Shannon, who died in 1991, had proposed that any type of information, from
human speech to computer keyboards to storage disks is limited by the
capacity
of the data channel over which it flows. This is the basis of digital
communications theory.

"What we've developed is a new plateau in communications theory," St. George
said. "We are expecting to produce the enormous capacity of analog
signaling,
with the benefit of the noise-free integrity of digital communications."

The techniques described by ZeoSync would mark a break with the dozens of
existing compression technologies, including MPEG for video and music and
JPEG
for pictures and graphics are able to compact data at compression rates up
to 10 times the original. These algorithms typically work by eliminating
long
strings of identifiable bits of data such as blue sky, green grass or the
white background of a snow-covered landscape.

In a statement, ZeoSync said its techniques, "once fully developed, will
offer compression ratios that are anticipated to approach the
hundreds-to-one range."

Using mathematical terminology, the company said its technique
"intentionally randomizes naturally occurring patterns to form entropy-like
random sequences."

ZeoSync said it had applied for patent protection for a technology it calls
Zero Space Tuner, and a related technique it calls BinaryAccelerator, which
encodes data into perfectly reproducible compressed formats.

The company expects the technology to be in commercial use during 2003, it
said.

St. George told Reuters the company was in talks with unnamed potential
strategic partners, including a major supplier of computer chips used in
multimedia
compression and also a leading Hollywood music studio, among others.
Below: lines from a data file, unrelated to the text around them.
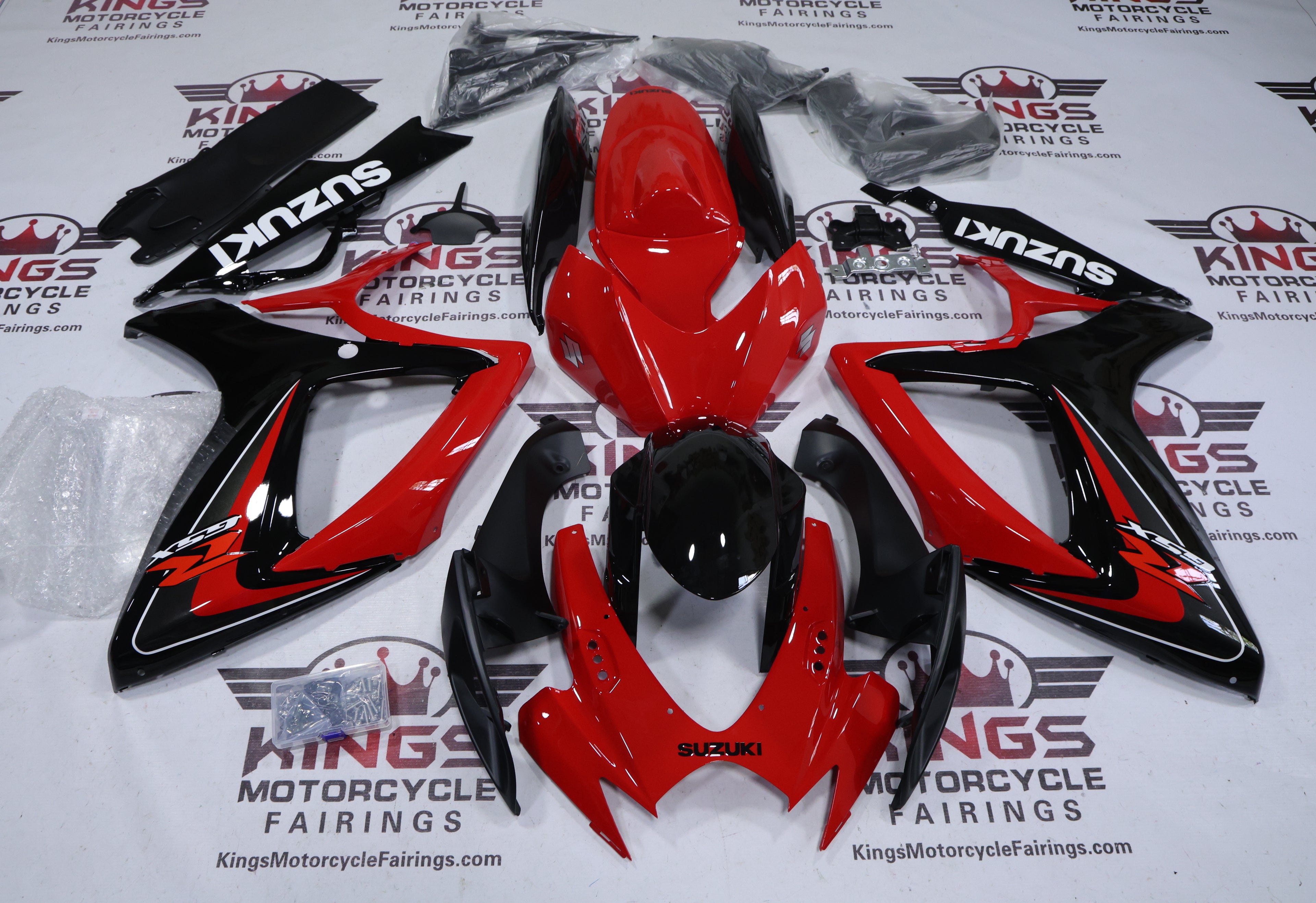 Suzuki GSXR600 Fairings (2006-2007) Red, Black, White, Dark Gray at KingsMotorcycleFairings.com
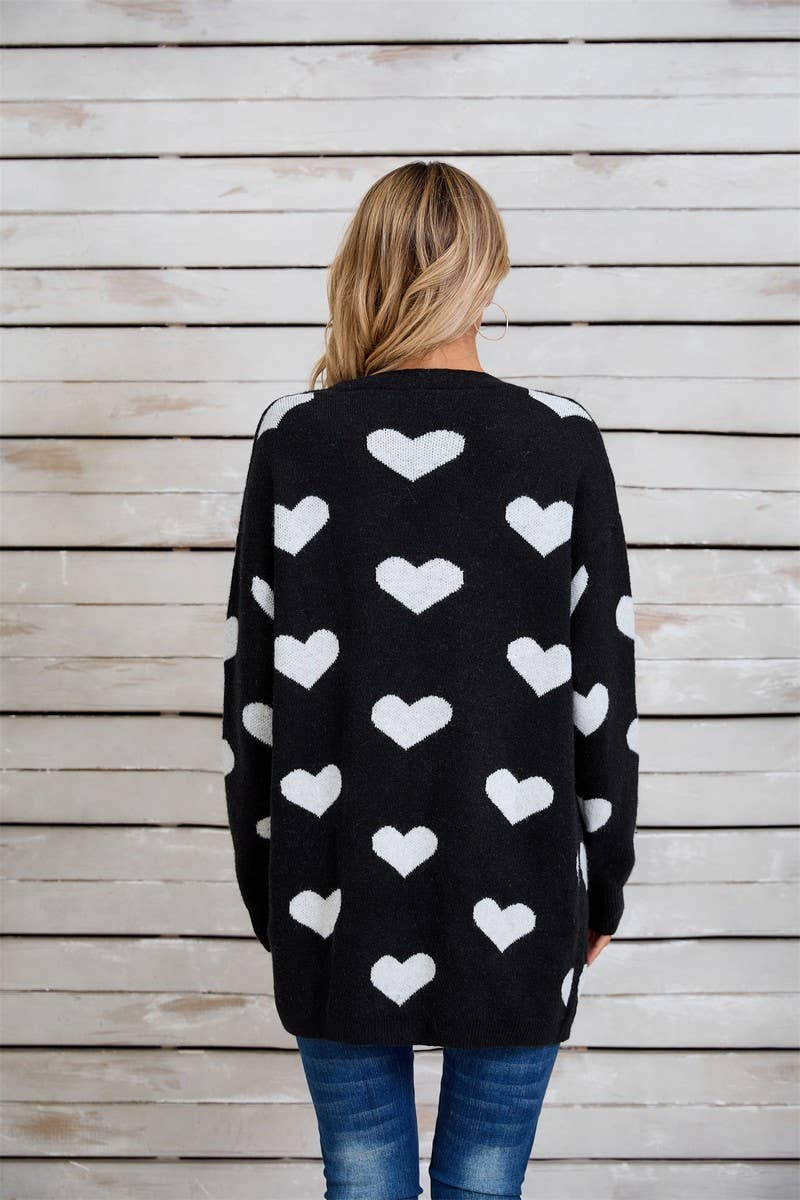 CWOCAL1801_KNITTED VALENTINE'S DAY LARGE HEART SWEATER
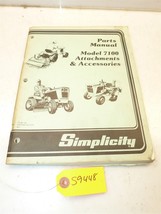 1985 Simplicity Model 7100 Attachments &amp; Accesories Parts Manual - 97 pgs - $34.89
Partnerships deals will be announced over the next several months, he said,
although no deals had yet been reached. The company said its technology
could
be used to enhance existing compression techniques such as fractals, a
school of geometry that seeks to find order in the chaos of the natural
world.

"We would like to invite additional members of the scientific community to
join us in our efforts to revolutionize digital technology," St. George said
of the formerly secretive project.

"There is a lot of exciting work to be done."